DATA:
☆ ☆ ☆ ☆

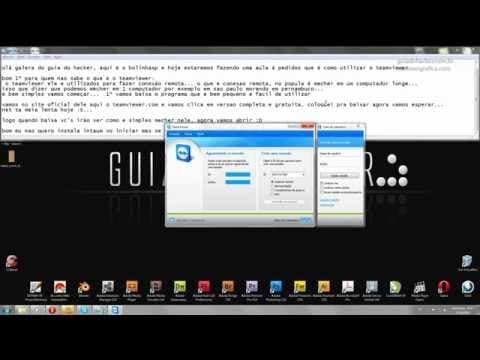 Como utilizar o teamviewer - Parte 1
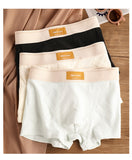Men’s Jacquard Pattern Breathable Cotton Boxer ( set of 4)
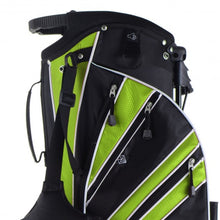Load image into Gallery viewer, Golf Stand Cart Bag with 6-Way Divider Carry Pockets-Green
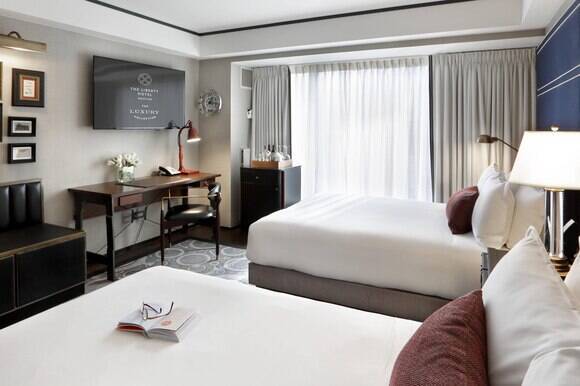 Deluxe Upper Floor Two Queen Room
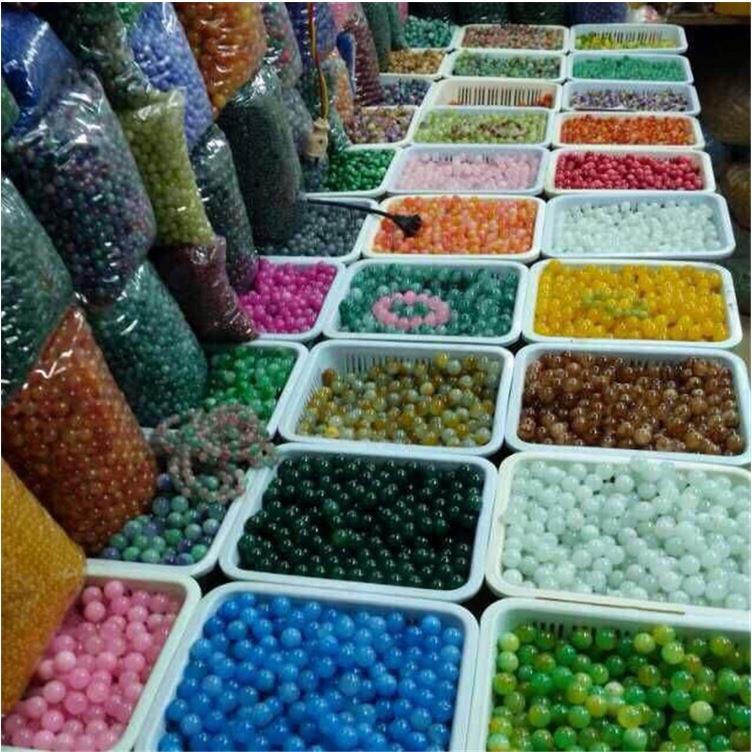 Loose beads 8-13MM bracelet beaded diy accessories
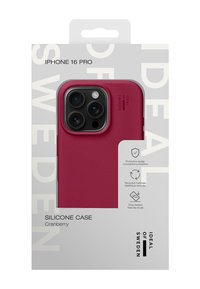 iDeal of Sweden Silicone Case iPhone 16 Pro - Cover per telefono - purple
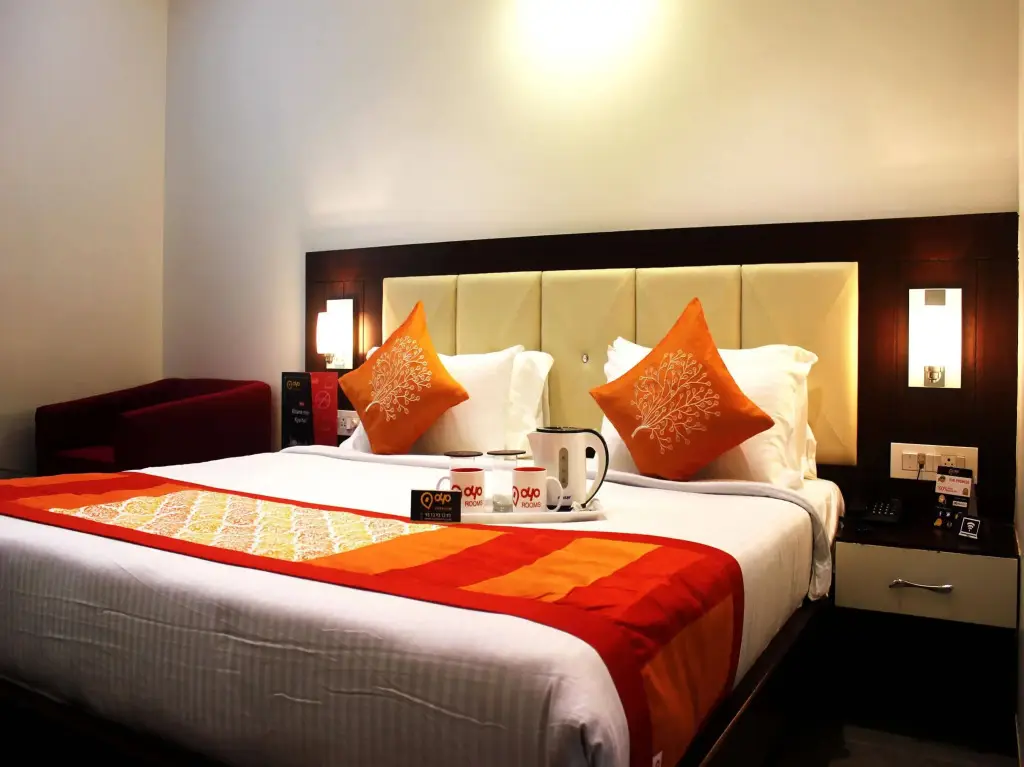 Агра: Hotel Taj Heights
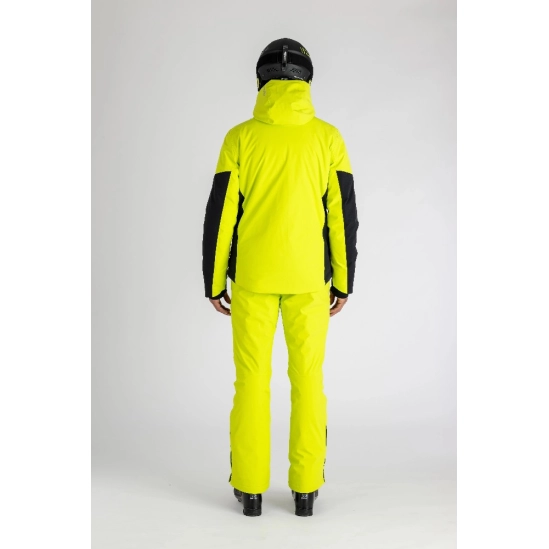 Zero RH+ Adler Jacket Acidgreen/black/silver lyžařská bunda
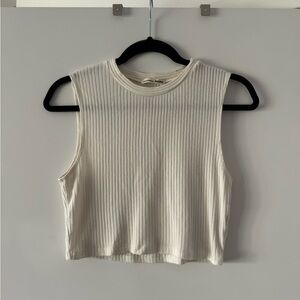 Reformation Knit Crop Top. NWOT. Size small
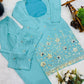 Elegant Embroidered Co Ord Suit Set for Festive and Party Wear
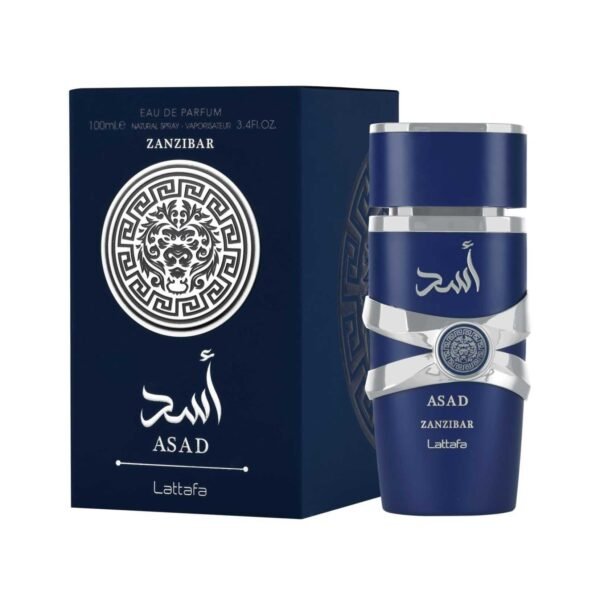 Lattafa Asad Zanzibar Eau De Parfum 100ml Hombre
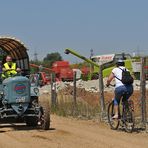 In der Kiesgrube: „Unser“ Eicher 01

☆ ☆ ☆ ☆

INSTRUCTIONS FOR THE TASK:
What you should return is the exact text of every line from the top of the entries through the line with "Lattafa Asad Zanzibar", pictures removed.

ANSWER BOX:
 Como utilizar o teamviewer - Parte 1
Men’s Jacquard Pattern Breathable Cotton Boxer ( set of 4)
Load image into Gallery viewer, Golf Stand Cart Bag with 6-Way Divider Carry Pockets-Green
 Deluxe Upper Floor Two Queen Room
 Loose beads 8-13MM bracelet beaded diy accessories
 iDeal of Sweden Silicone Case iPhone 16 Pro - Cover per telefono - purple
 Агра: Hotel Taj Heights
 Zero RH+ Adler Jacket Acidgreen/black/silver lyžařská bunda
 Reformation Knit Crop Top. NWOT. Size small
 Elegant Embroidered Co Ord Suit Set for Festive and Party Wear
 Lattafa Asad Zanzibar Eau De Parfum 100ml Hombre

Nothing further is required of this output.